**Your assignment:** Across the whole listing, filter for the string "Courbe" and copy every line that has it.

*** Opening of Working data ***

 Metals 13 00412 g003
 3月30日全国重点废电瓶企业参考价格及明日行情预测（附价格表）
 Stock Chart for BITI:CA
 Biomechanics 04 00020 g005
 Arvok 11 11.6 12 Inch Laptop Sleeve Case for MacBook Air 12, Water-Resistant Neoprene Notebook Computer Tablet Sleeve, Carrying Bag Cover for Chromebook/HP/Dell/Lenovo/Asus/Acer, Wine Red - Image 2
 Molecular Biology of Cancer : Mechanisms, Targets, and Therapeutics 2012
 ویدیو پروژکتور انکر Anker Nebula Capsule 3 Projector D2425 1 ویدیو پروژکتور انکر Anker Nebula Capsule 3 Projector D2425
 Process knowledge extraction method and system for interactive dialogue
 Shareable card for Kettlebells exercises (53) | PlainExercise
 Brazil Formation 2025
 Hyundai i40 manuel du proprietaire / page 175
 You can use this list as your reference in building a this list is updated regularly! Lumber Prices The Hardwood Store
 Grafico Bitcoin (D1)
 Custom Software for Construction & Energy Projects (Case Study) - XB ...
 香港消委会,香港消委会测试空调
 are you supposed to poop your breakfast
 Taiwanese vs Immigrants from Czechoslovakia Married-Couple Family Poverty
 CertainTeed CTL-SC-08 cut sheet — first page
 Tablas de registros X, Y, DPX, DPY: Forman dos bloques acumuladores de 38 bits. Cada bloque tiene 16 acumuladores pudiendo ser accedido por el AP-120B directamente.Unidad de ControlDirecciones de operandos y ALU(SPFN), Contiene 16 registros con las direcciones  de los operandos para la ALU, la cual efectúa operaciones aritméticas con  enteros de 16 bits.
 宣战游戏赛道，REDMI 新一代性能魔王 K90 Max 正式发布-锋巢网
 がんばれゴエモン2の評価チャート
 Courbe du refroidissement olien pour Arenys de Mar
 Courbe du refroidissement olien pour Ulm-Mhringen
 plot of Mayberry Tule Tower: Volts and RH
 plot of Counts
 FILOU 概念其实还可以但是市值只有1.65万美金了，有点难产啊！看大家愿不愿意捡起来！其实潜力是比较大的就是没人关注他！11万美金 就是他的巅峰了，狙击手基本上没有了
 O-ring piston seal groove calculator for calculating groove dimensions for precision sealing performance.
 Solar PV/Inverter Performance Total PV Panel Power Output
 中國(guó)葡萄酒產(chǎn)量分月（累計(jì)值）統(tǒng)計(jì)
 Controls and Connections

*** Close of Working data ***

**Response below:**
 Courbe du refroidissement olien pour Arenys de Mar
 Courbe du refroidissement olien pour Ulm-Mhringen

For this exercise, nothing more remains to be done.